> **TASK DATA**
* * * * * * *

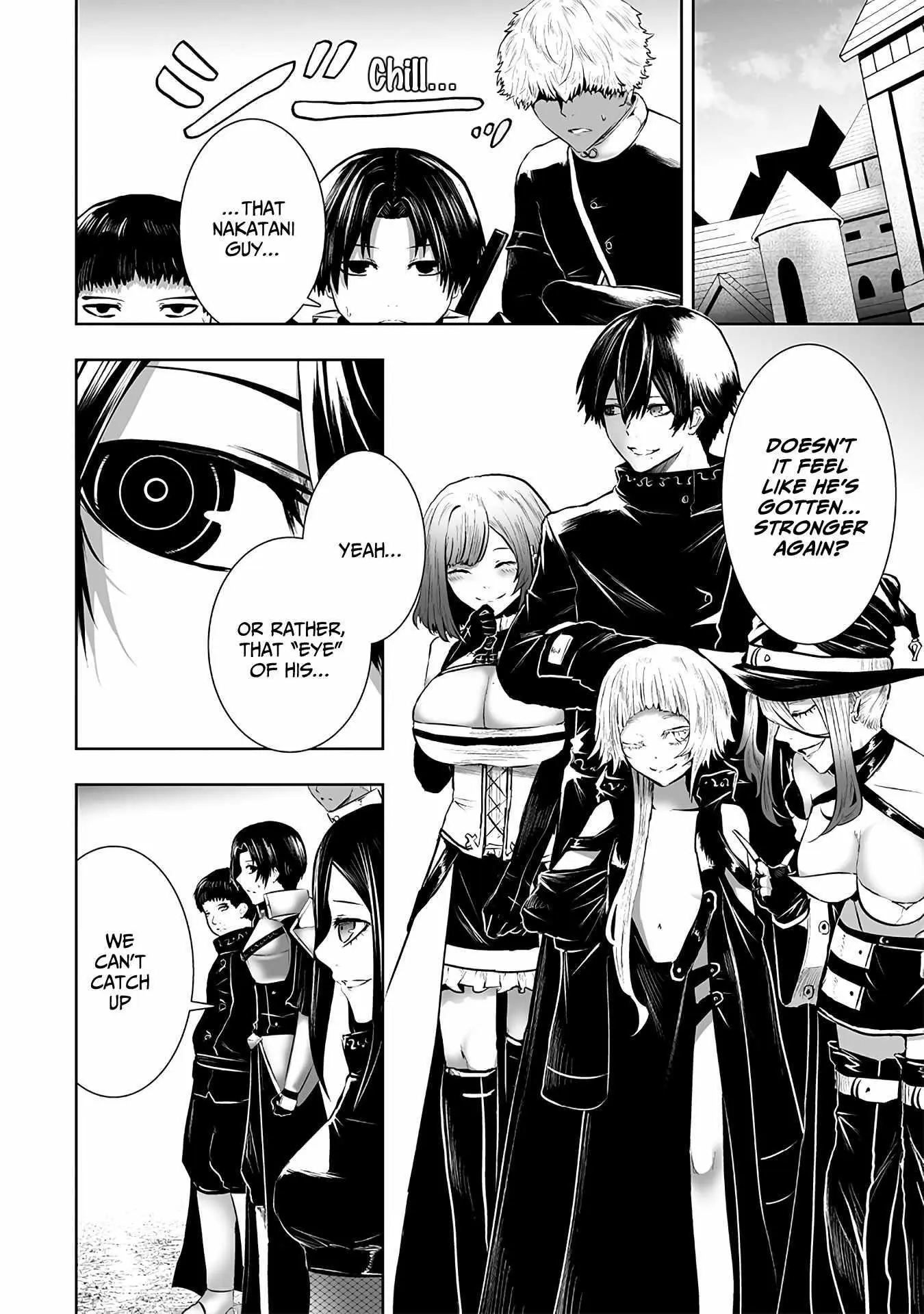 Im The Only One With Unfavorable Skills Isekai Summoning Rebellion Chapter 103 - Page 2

* * * * * * *

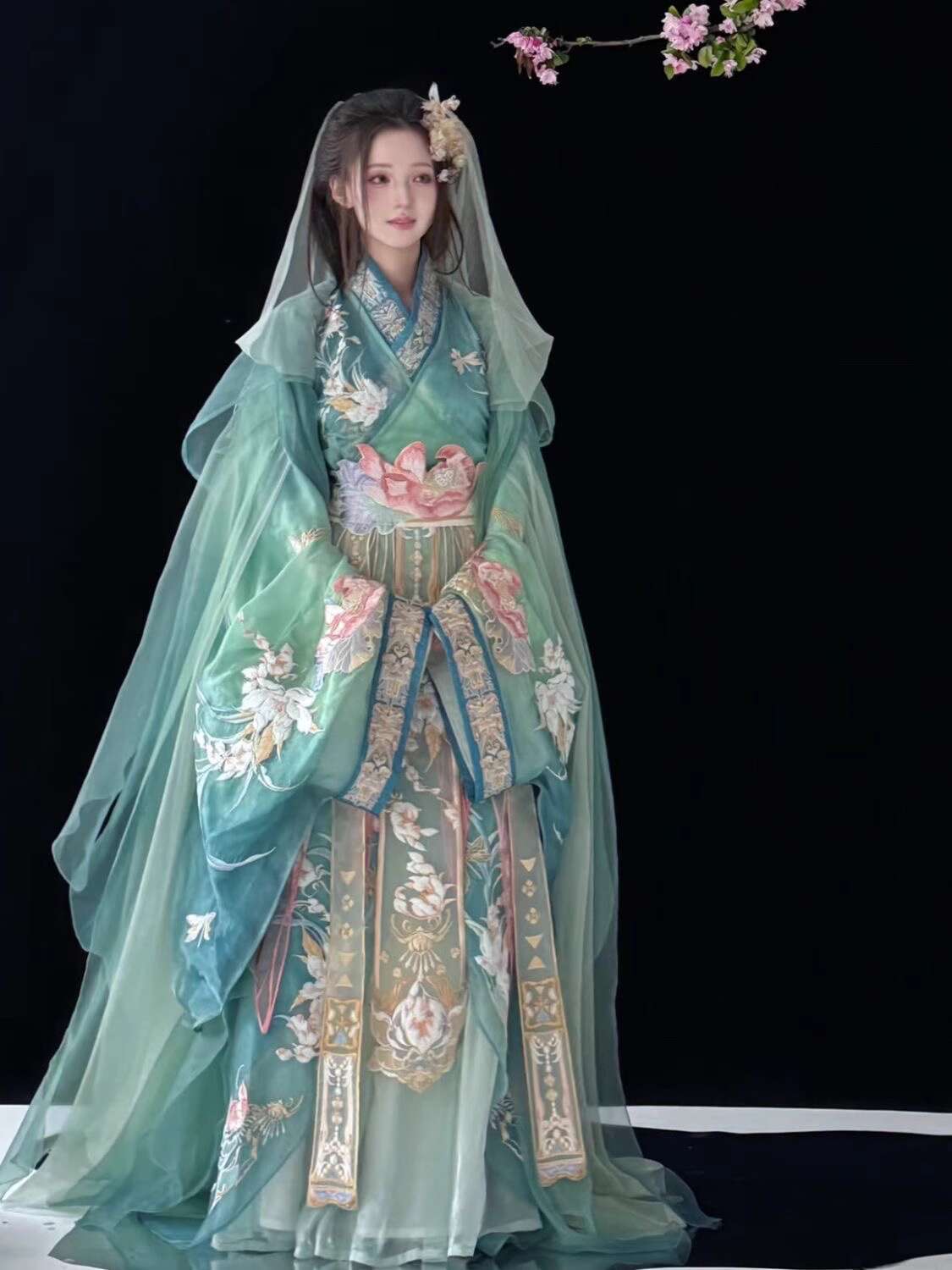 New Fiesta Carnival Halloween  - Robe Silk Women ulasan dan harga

* * * * * * *

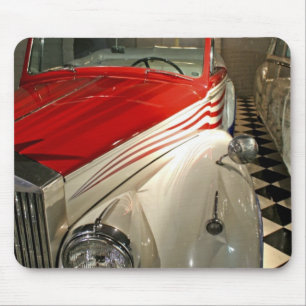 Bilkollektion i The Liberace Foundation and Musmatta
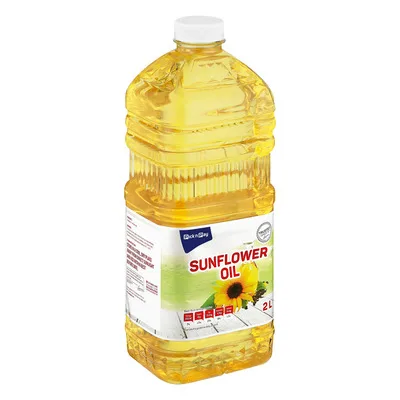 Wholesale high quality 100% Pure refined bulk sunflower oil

* * * * * * *

> **WORK REQUIRED**
Each line between the one holding "Bilkollektion i The" and the one holding "Wholesale high quality", inclusive, should be copied exactly as it appears above, and pictures should be omitted.

> **REPLY TO THE TASK**
 Bilkollektion i The Liberace Foundation and Musmatta
 Wholesale high quality 100% Pure refined bulk sunflower oil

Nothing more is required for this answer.